Laerhoven: Charles Baudelaire was obsessed by literary greatness. He groveled and crawled for the great literati of his time to accept him as one of them. To no avail. His poetry became famous only after his death. He tried to make up for this lack of recognition by his contemporaries via excessive and decadent behavior and dandy-like snobbism. I take pity on him as a man, but as an artist he was a genius. Commissioner Lefèvre, just like me, descended from rather low-class people, and has sufficient “common sense” to see through the vanity of artists, but at the same time he is aesthetically sensitive enough to be fascinated by those who have talent. I think that mostly reflects my own stand in this.
Ah, the classics, a tender subject… I’ve just read the excellent novel The Human Stain wherein Philip Roth, through the character of the black schoolteacher Ernestine Coleman, laments the foolishness of not studying the classics: “Reading the classics is too difficult, therefore it’s the classics that are to blame.” Earlier in this interview, I mentioned the concept of the “one-dimensional.” It will be one of the great challenges of this over-speeding time not to create “one-dimensional” people who think: if I can’t learn it, there is something wrong with it.
Faktorovich: Would you like to comment on anything else connected with this book, upcoming projects, or the writing craft? Thanks for participating in this interview!
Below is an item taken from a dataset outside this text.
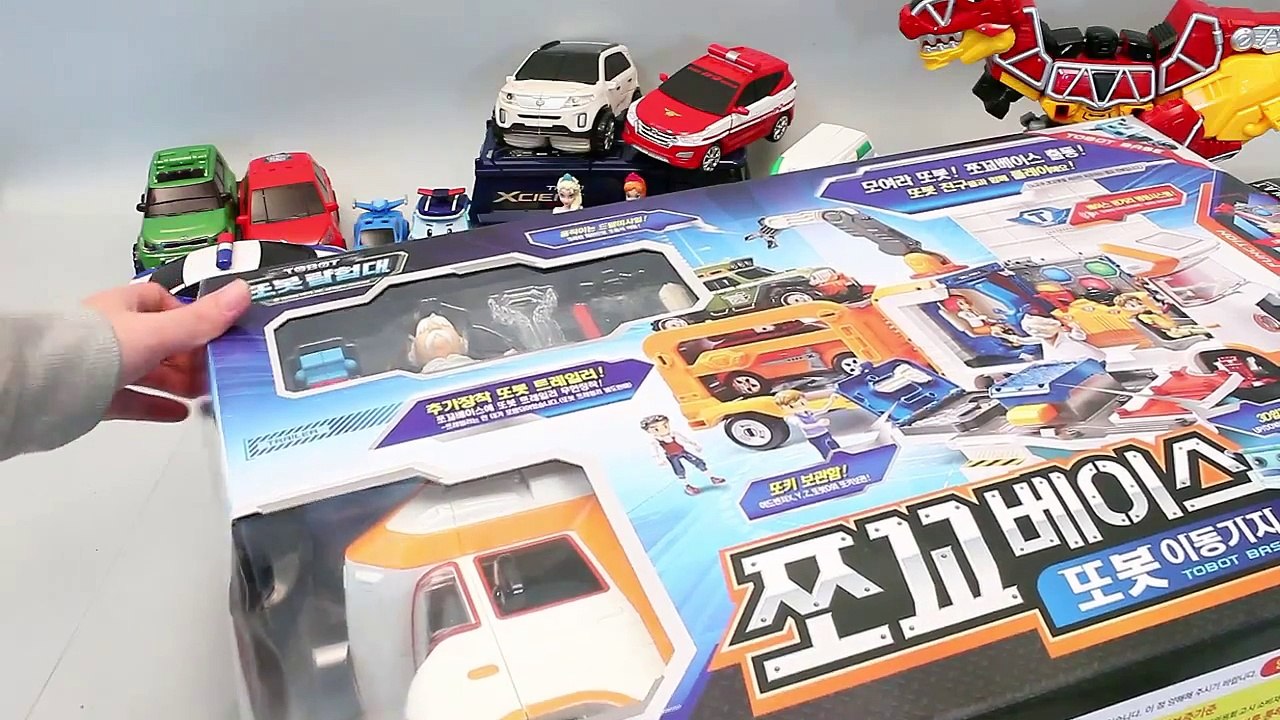 또봇 쪼꼬베이스 카봇 타요 뽀로로 폴리 미니특공대 장난감 Robot Car trans...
Laerhoven: Thanks for having me, it was an engaging conversation. End of September, I’ll submit a second translated novel to Pegasus Books. I think that Return to Hiroshima, set in the nineties in Hiroshima, is, in the genre of the cross-over, one of my best novels. As is becoming my trademark, Return to Hiroshima can be read on multiple levels and paints a hopefully fascinating portrait of the Japanese spirit of “bushido”, the way of the warrior… For those who want to learn more about the book, the reviews in Holland and Belgium have been translated in English on this link: http://www.bobvanlaerhoven.be/en/page/82/terug-naar-hiroshima-return-to-Hiroshima
Return to Hiroshima was among 5 nominees for the Hercule Poirot Prize in 2010, but, having already won the Prize in 2007 with Baudelaire’s Revenge, I knew that this time it wouldn’t happen: no-one has won the Prize twice.